*THE TASK:* Reproduce the data below exactly. Skip the pictures.

*MATERIAL PROVIDED:*
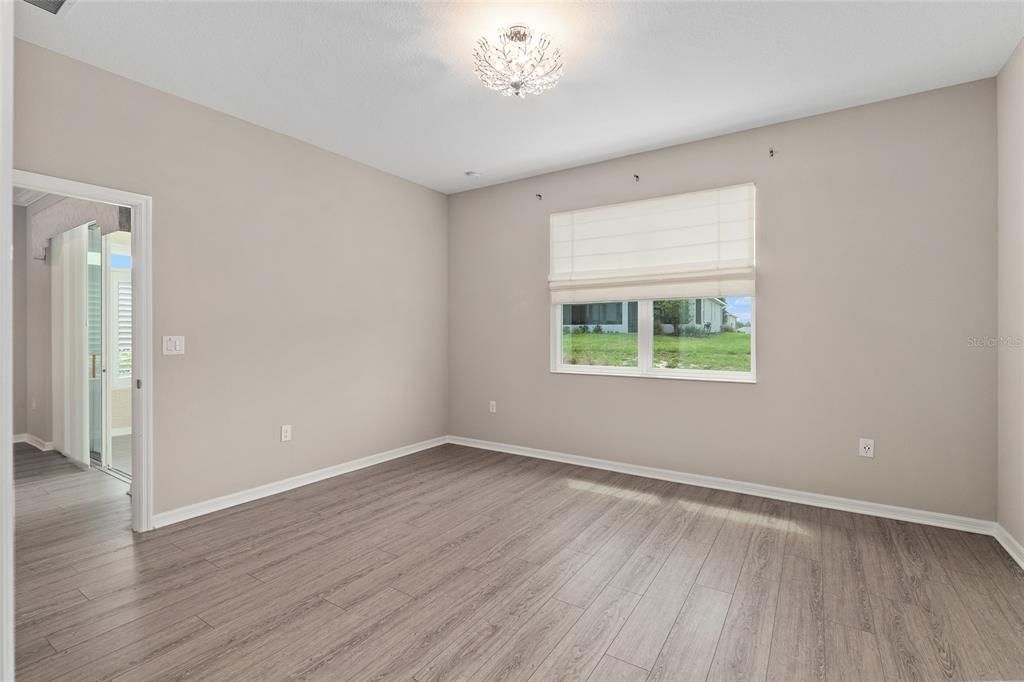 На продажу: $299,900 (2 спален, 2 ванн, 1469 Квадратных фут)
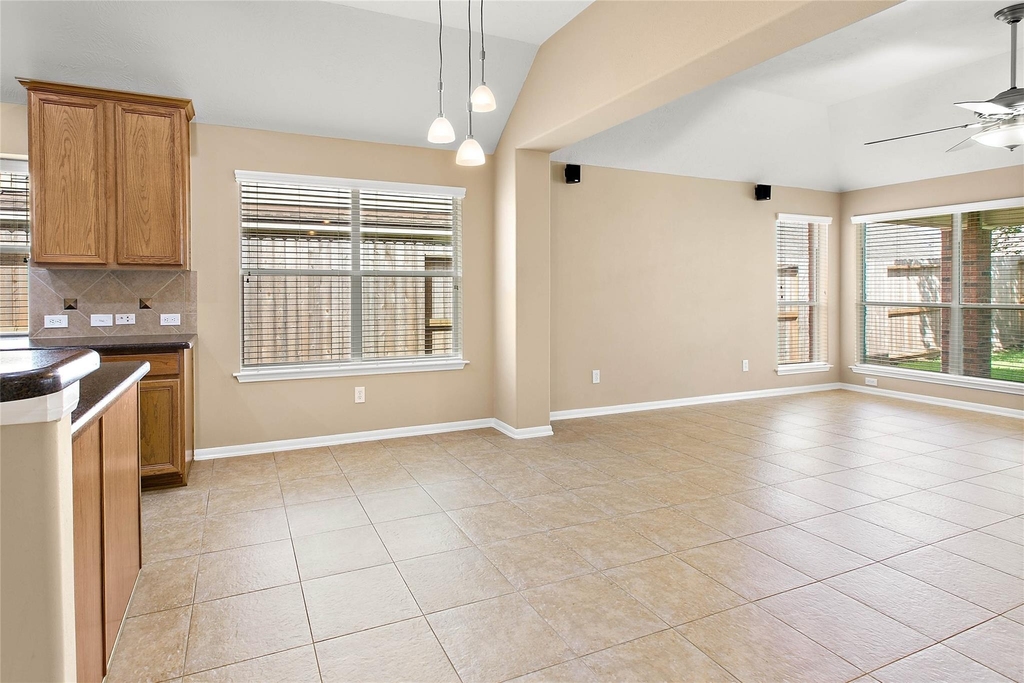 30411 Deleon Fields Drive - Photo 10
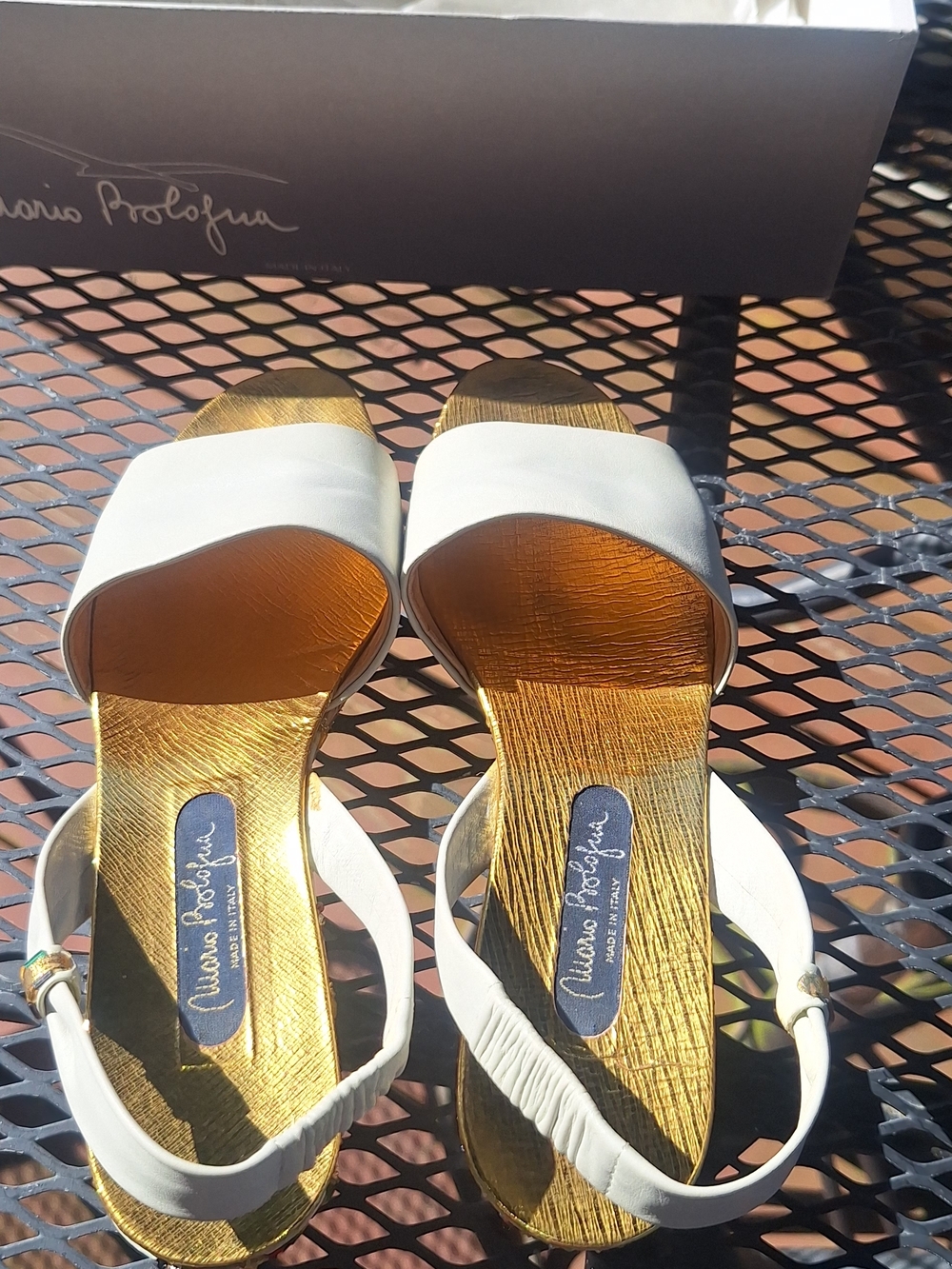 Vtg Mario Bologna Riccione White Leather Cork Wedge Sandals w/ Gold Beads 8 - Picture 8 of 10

*RESULT OF THE TASK:*
 На продажу: $299,900 (2 спален, 2 ванн, 1469 Квадратных фут)
 30411 Deleon Fields Drive - Photo 10
 Vtg Mario Bologna Riccione White Leather Cork Wedge Sandals w/ Gold Beads 8 - Picture 8 of 10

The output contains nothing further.